It was a beautiful bright afternoon, when I shut down my work computer Thursday at 5pm, when I put my walking shoes on for a bonus round in the park around the corner (we’d already walked there at lunch).
As we came out onto the sidewalk, under the first white blossoms on the trees on our block of Market St., we made a snap decision.

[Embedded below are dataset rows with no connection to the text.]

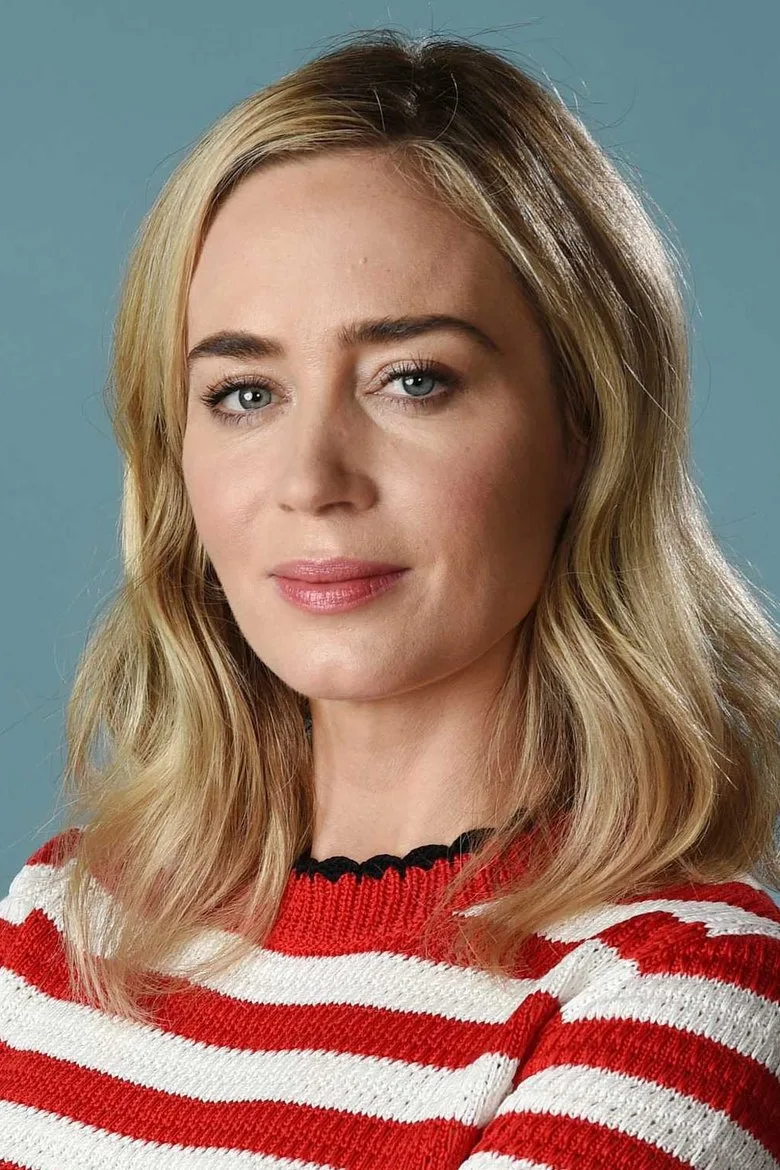 Emily Blunt filmography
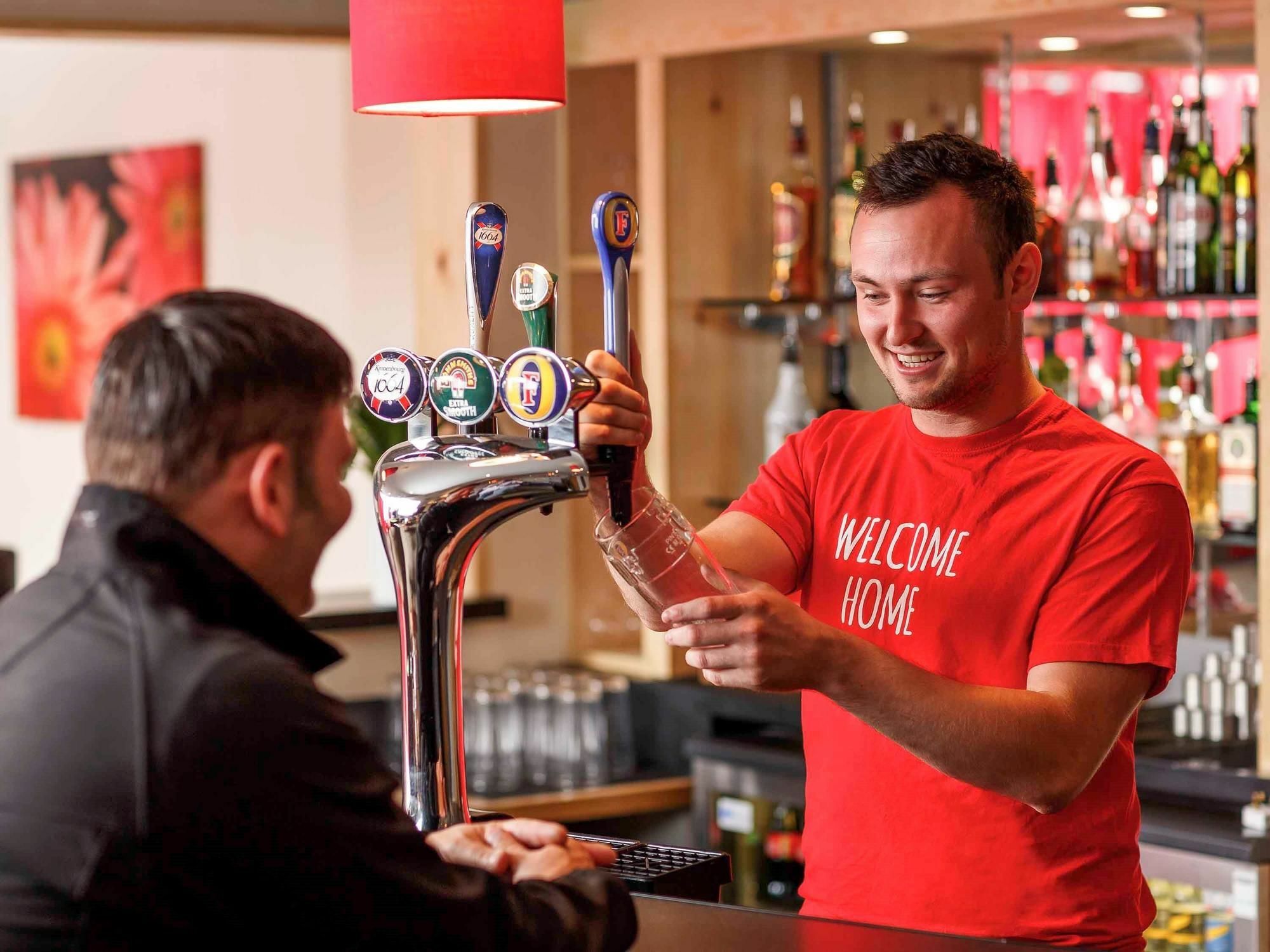 Ibis Lincoln Hotel North Hykeham Luaran gambar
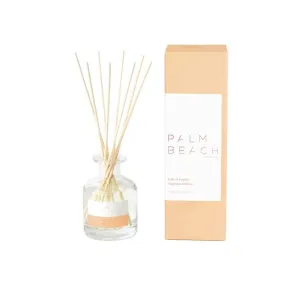 Palm Beach Collection - Mini Fragrance Diffuser 50ml - Lilies & Leather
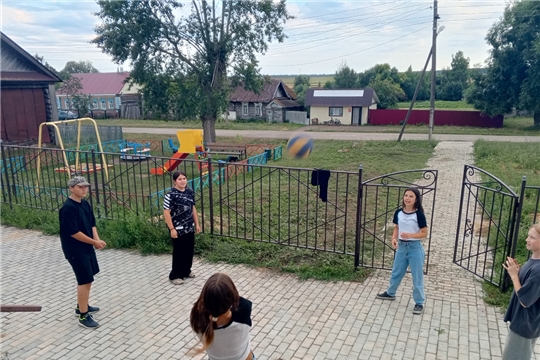 "Спортивный школьник"
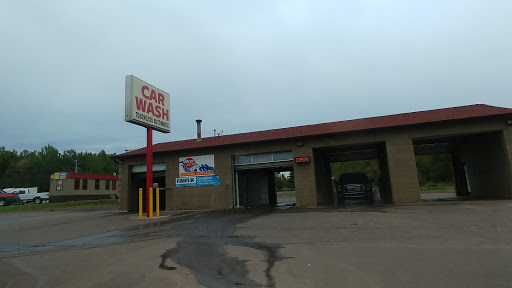 Red's Auto Wash en Ironwood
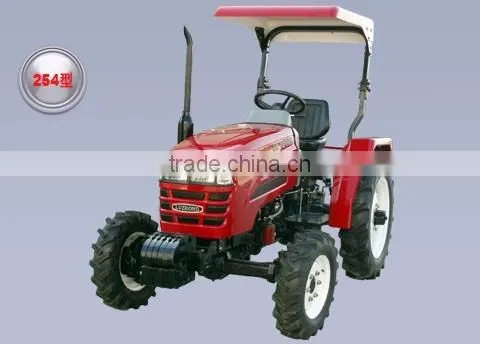 2014 Hot Sale 25hp 4WD NEW254 Farm Tractor photo-4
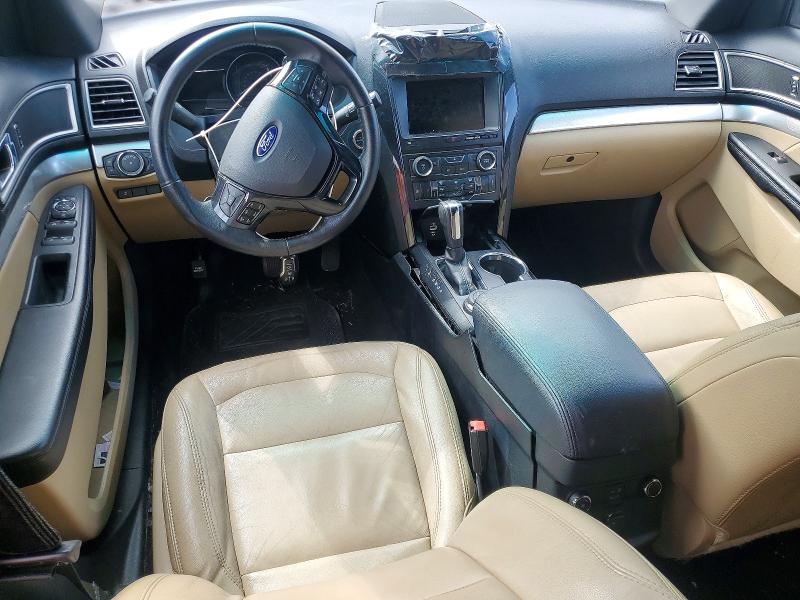 Продаж на аукціоні авто 2016 Ford Explorer, vin: 1FM5K8D81GGB73442, номер лоту: 41631036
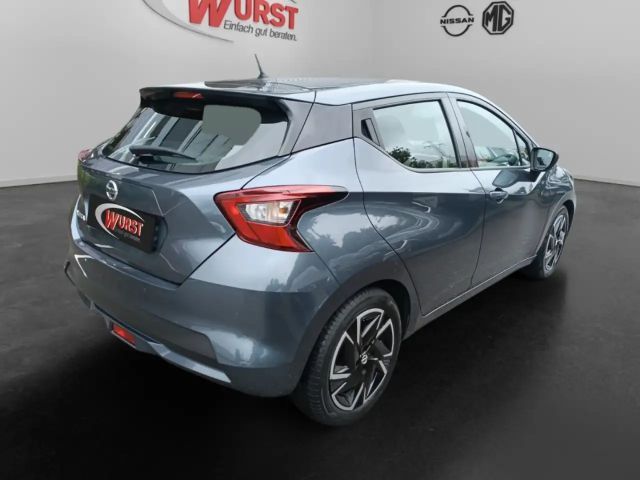 Nissan Micra IG-T N-WAY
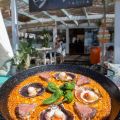 cocina-restaurante - Café del Mar Beach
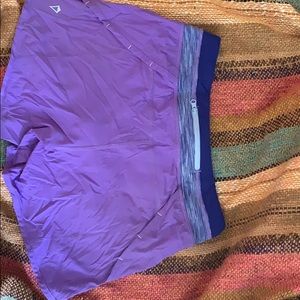 Ivivva size 12 shorts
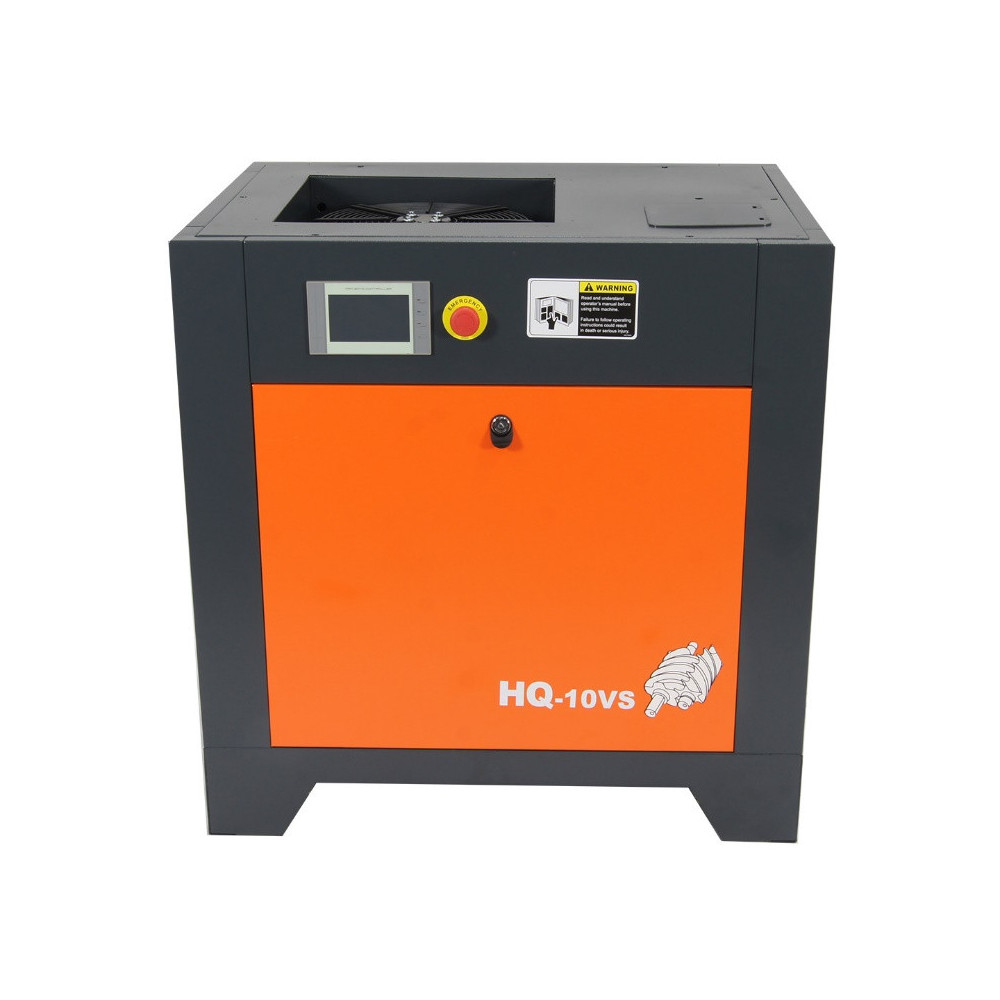 Kompresor śrubowy HQ-10VS 10 bar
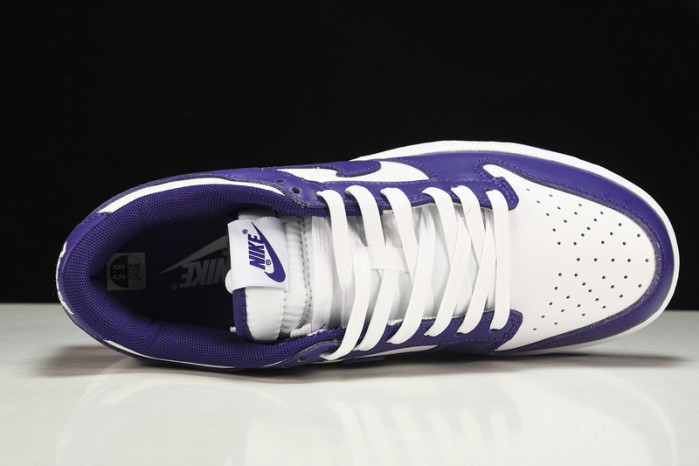 Nike Dunk Low Championship Court Purple  DD1391-104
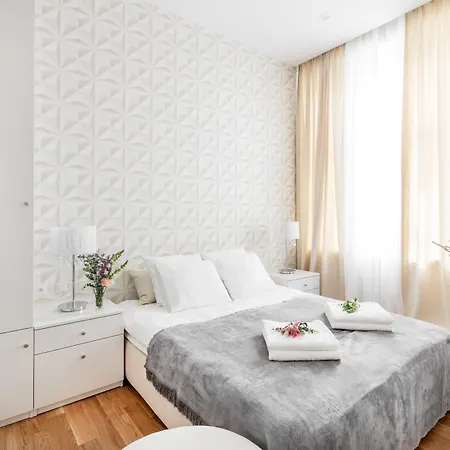 Apartamento Luxury 60 *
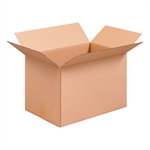 CARTON KRAFT 1 CANNELURE 54X36X32CM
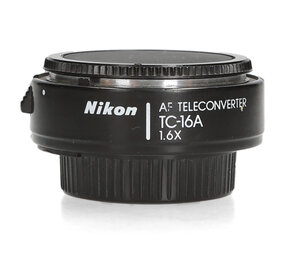 Nikon TC-16A AF-Teleconverter Nikon TC-16A AF-Teleconverter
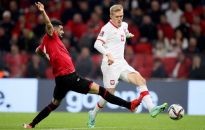 El. MŚ 2022: Albania - Polska 0:1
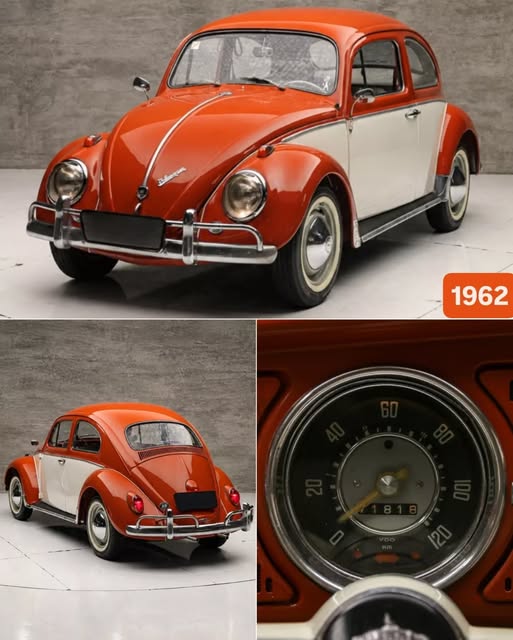 VOLKSWAGEN FUSCA - Imagem 1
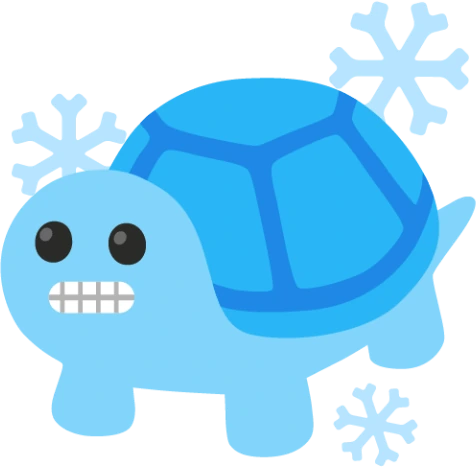 Froztle emote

We could make it to the Branch Brook cherry trees and back in time to teach my 7pm Arabic class, right…?
Best Blossom Festivals
For decades, I’ve wanted to go Washington, D.C., for perhaps the most famous National Cherry Blossom Festival, and I’ve been a few times to see various cherry blossoms in Central Park, but
Here’s a little known fact: New Jersey has more cherry trees than Washington D.C. … more than 2,700 Japanese cherry blossom trees…. The park first adopted a pink and white hue in 1927, when Caroline Bamburger Fuld donated 2,000 cherry blossom trees to the Essex County Parks system in memory of her late husband.
Branch Brook Park also holds the distinction of being the first county park in the United States opened to the public, it was designed by the famed landscape architectural firm of Olmsted Brothers, a successor to Frederick Law Olmsted, the designer of Central Park in New York City.
Cherry Blossom Festival, Branch Brook Park
This year, of course, the cherry blossom festival has new urgency for us, because: pandemic, and because of all we’ve learned about New Jersey in the last year exploring the parks, and especially Branch Brook, and because this is our last spring here on the East Coast for at least five years.









It was still early for blossoms that day, the trees more buds than blooms, but there were enough cherries, forsythia, daffodils and other flowers to underscore that spring had certainly arrived.






It was a lovely opportunity for a short walk a smidge farther from home than Mulberry Commons across the street … and if you’re wondering, we got back with five minutes to spare before my Arabic class!





Take II
While I was out of state, clearing (most of) the rest of my belongings out of Mom’s attic prior to our move to Arizona, my partner took some time off from selling all our furniture out from under us to take some photos of the cherries in full bloom.




Take III
On our way home from Maine, we stopped one more time to catch the trailing edge of the cherry blossom season, and while some of the blooms were past, we weren’t disappointed with what remained.













I’m going to miss that oh-so-European view of the cathedral rising above the gardens of Branch Brook Park.
Epilogue
Seeing the blossoms at Branch Brook also alerted us to a new theme in our city of Newark. If you know what you’re looking at, there are cherry trees spread all over the city that we had never paused to take note of before!